▸ **TASK TO CARRY OUT**: Pick every line with "image" from the material below.

▸ **RECORDS FOR THIS EXERCISE**:
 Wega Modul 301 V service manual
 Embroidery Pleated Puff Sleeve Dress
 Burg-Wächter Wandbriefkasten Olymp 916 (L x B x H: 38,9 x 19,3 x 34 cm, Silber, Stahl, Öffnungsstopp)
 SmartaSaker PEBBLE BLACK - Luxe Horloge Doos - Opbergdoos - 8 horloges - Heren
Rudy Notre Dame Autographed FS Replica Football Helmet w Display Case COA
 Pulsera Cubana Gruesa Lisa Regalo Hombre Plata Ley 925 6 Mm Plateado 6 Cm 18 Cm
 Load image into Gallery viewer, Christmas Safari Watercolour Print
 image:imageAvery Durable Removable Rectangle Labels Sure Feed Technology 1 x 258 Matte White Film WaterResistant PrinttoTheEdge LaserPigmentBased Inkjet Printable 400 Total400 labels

---

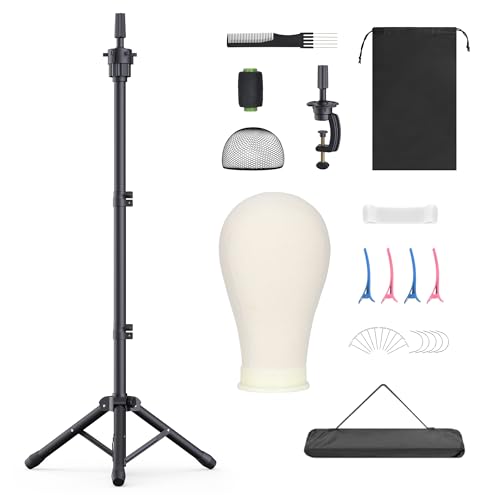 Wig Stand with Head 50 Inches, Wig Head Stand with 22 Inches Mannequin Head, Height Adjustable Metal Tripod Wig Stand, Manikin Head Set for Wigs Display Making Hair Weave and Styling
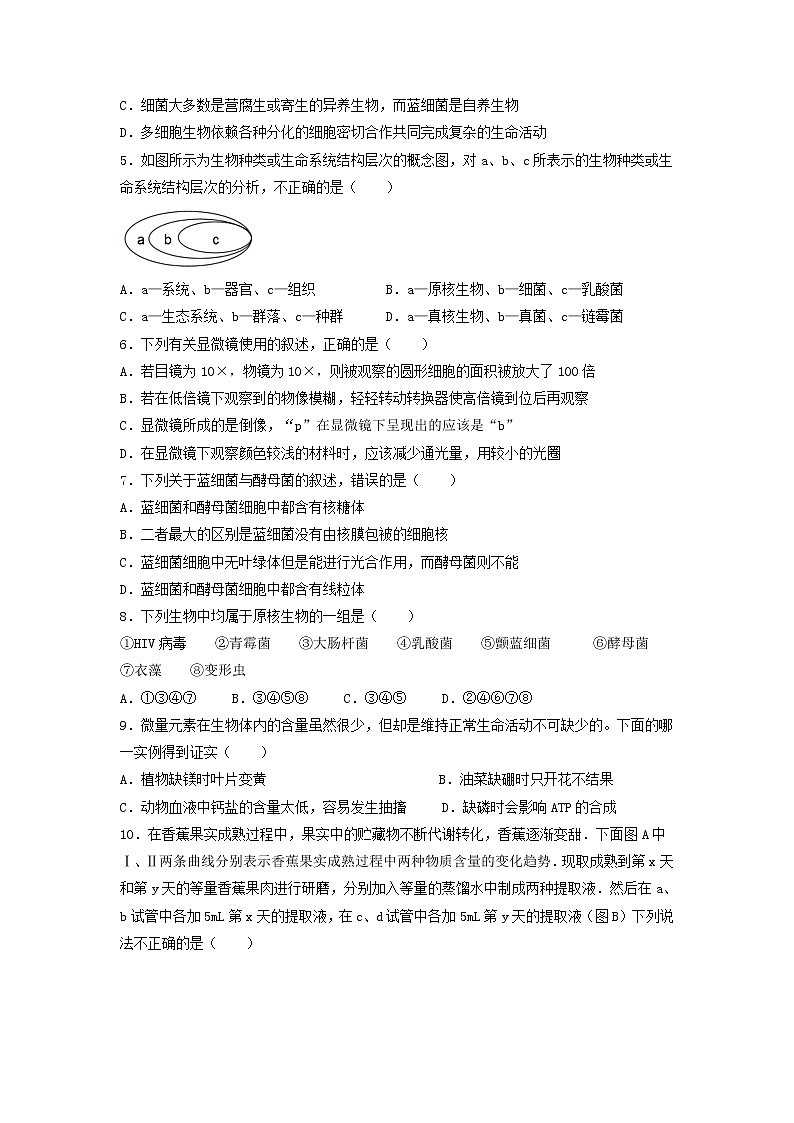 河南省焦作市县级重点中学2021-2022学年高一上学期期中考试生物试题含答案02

==

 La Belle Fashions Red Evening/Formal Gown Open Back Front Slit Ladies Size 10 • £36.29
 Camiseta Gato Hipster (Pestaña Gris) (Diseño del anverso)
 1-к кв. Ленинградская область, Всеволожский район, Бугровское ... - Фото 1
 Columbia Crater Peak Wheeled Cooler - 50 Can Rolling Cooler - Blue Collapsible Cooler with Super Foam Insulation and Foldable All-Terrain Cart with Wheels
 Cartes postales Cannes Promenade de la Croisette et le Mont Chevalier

▸ **OUTPUT OF THE EXERCISE**:
 Load image into Gallery viewer, Christmas Safari Watercolour Print
 image:imageAvery Durable Removable Rectangle Labels Sure Feed Technology 1 x 258 Matte White Film WaterResistant PrinttoTheEdge LaserPigmentBased Inkjet Printable 400 Total400 labels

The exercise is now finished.